Oliveira est directeur du laboratoire Krisp de la Nelson Mandela School of Medicine de l'université du KwaZulu-Natal à Durban, en Afrique du Sud, où il vit depuis 1997.

Il a dirigé l'équipe qui a découvert une nouvelle variante du coronavirus dans le pays et a partagé les données avec l'Organisation mondiale de la santé (OMS), ce qui a permis au Royaume-Uni de découvrir sa propre variante.

Selon M. Oliveira, les deux variantes sont plus transmissibles que l'original, mais jusqu'à présent, on ne sait pas si elles sont plus mortelles.

Ils partagent certaines similitudes, mais ont évolué séparément. Tous deux présentent une mutation, appelée N501Y, située dans une partie cruciale du virus, utilisée pour infecter les cellules du corps humain.

En Afrique du Sud, la nouvelle variante identifiée par Oliveira et son équipe serait à l'origine de la deuxième vague de la pandémie dans le pays.

Il s'est rapidement répandu et est devenu la forme dominante du virus dans certaines parties du territoire, entraînant la saturation du système de santé.

La variante britannique, qui est également plus contagieuse, s'est étendue au sud-est de l'Angleterre, créant de nouvelles restrictions et quarantaines pour la population locale.

La semaine dernière, des dizaines de gouvernements ont temporairement suspendu les vols internationaux en provenance ou à destination du Royaume-Uni afin de tenter de contrôler la propagation de cette mutation du virus.

L'apparition de nouvelles mutations de coronavirus a suscité l'inquiétude dans le monde entier

L'apparition de nouvelles mutations de coronavirus a suscité l'inquiétude dans le monde entier

Cependant, dès ce dimanche, plusieurs pays européens ainsi que le Canada et le Japon ont détecté les premiers cas de cette nouvelle variante.

Vous trouverez ci-dessous un résumé de l'interview que la BBC Mundo a eu avec Oliveira.

Quelle est cette nouvelle variante ? Y a-t-il une raison de paniquer ?

En Afrique du Sud, nous avons découvert une variante qui semble propager les infections beaucoup plus rapidement. Nous avons découvert cette variante dans la baie de Nelson Mandela, l'une des régions les plus touristiques d'Afrique du Sud. Cette variante s'est rapidement répandue au Cap et à Durban.

Lorsque nous avons séquencé le code génétique, nous avons constaté qu'il présentait de nombreuses mutations, principalement dans la protéine du virus qui entre dans le récepteur humain pour pénétrer dans les cellules humaines.

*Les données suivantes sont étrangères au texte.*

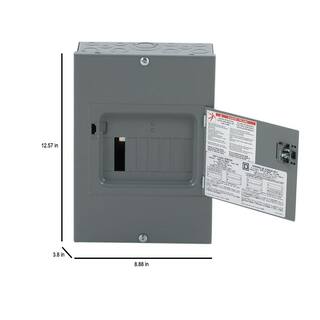 Square D QO 100 Amp 6-Space 12-Circuit Indoor Main Lug Load Center with Surface Mount Cover with Door QO612L100DS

Certaines des mutations de cette protéine se sont produites à la position 501, sur un acide aminé appelé tyrosine.

Cette mutation a également été trouvée dans une souche complètement différente au Royaume-Uni, mais qui a une mutation [en commun] avec l'autre. Et c'est précisément cette mutation que nous pensons être liée à une transmissibilité accrue du virus.

Le plus grand danger jusqu'à présent est que, les transmissions étant plus rapides, nos hôpitaux sont complètement surchargés de patients qui ont besoin de soins intensifs. Donc, pour l'instant, nous ne pouvons plus recevoir de patients dans les hôpitaux.

Les Britanniques et nous-mêmes pensons que ces deux variantes ne sont potentiellement plus mortelles, mais elles affectent très gravement les hôpitaux au Royaume-Uni et en Afrique du Sud.

Quelle serait votre recommandation pour éviter que cette mutation ne circule au Brésil ?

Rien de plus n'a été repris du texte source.